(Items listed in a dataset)
#####

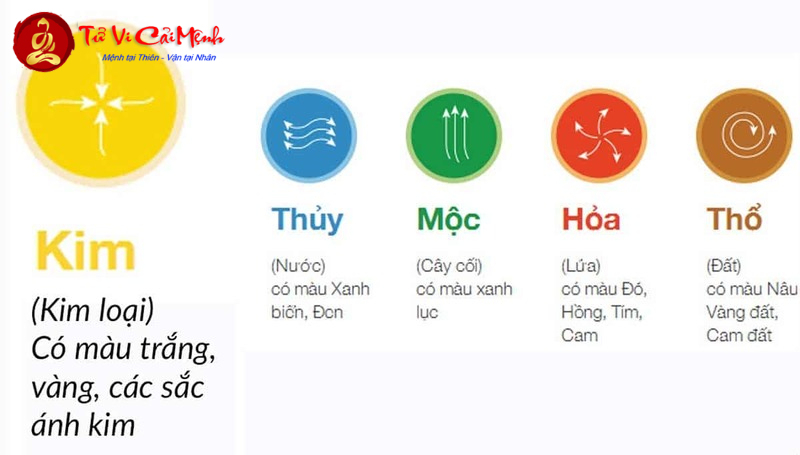 Sinh Năm 2044 Mua Xe Màu Gì Để Tiền Vào Như Nước? Khám Phá Ngay!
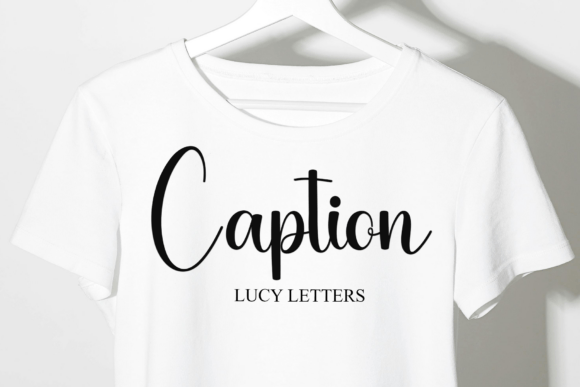 Beauty Autography Font - Preview 1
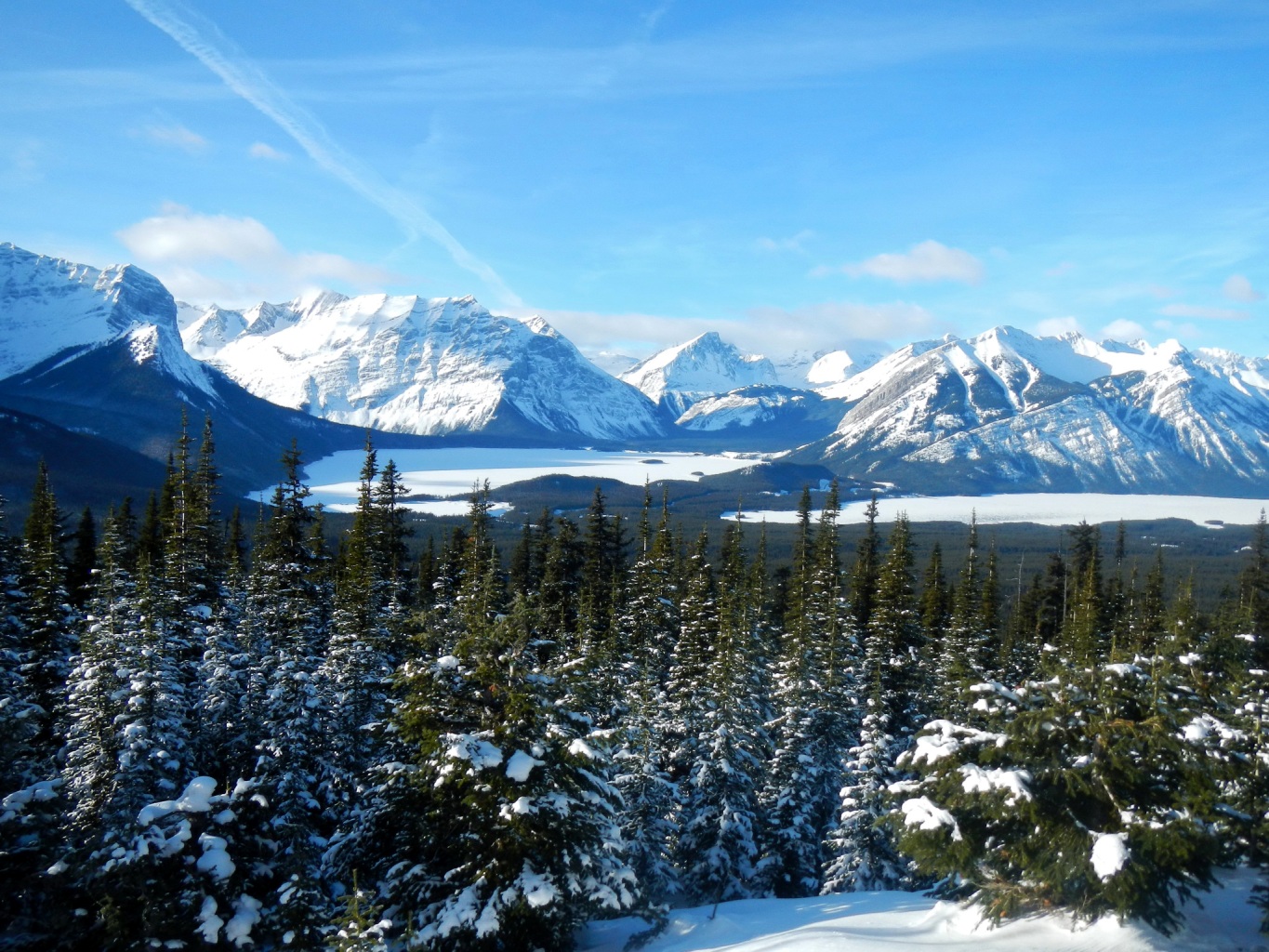 Canada Seasons Winter Mountains Scenery Fir Snow Alberta Nature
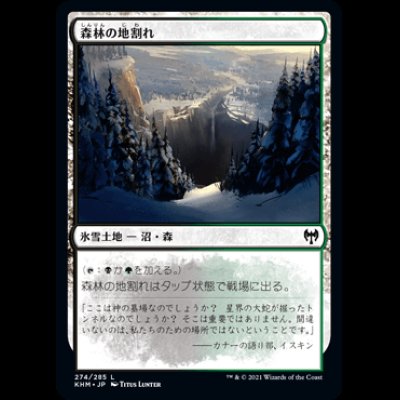 画像1: 森林の地割れ/Woodland Chasm [KHM]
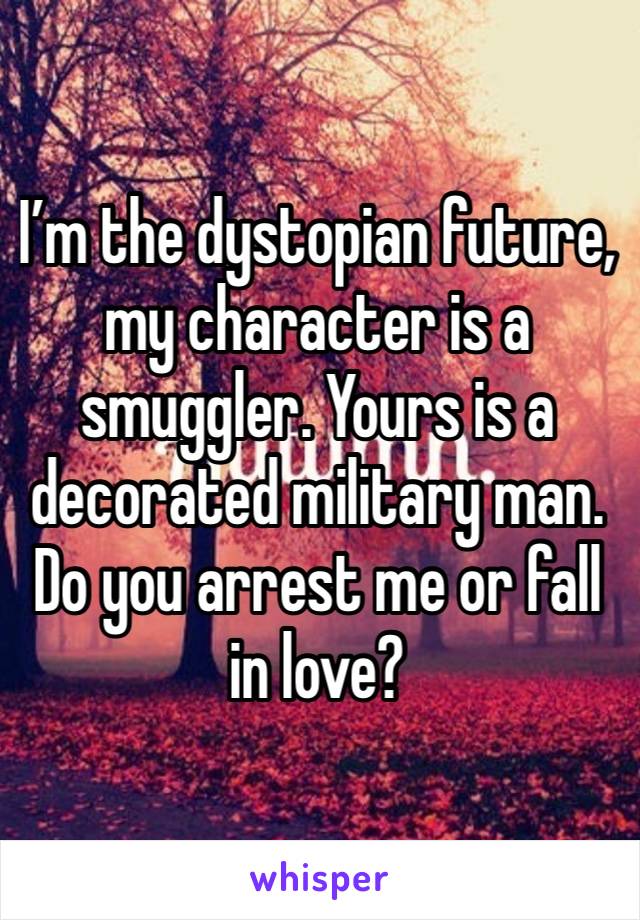 I’m the dystopian future, my character is a smuggler. Yours is a decorated military man. Do you arrest me or fall in love?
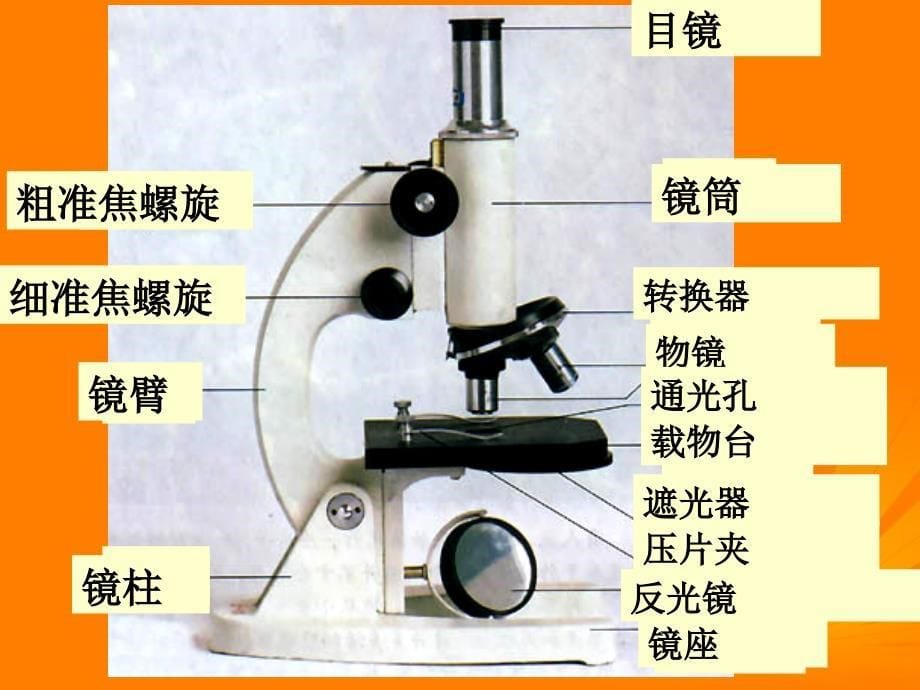 重庆市涪陵九中七年级生物《练习使用显微镜》课件人教新课标版_第5页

#####

About this exercise: Every line from the one containing "I’m the dystopian" through the final line of the records above is to be written out exactly; nothing else, and no pictures.

Result for this exercise:
 I’m the dystopian future, my character is a smuggler. Yours is a decorated military man. Do you arrest me or fall in love?
 重庆市涪陵九中七年级生物《练习使用显微镜》课件人教新课标版_第5页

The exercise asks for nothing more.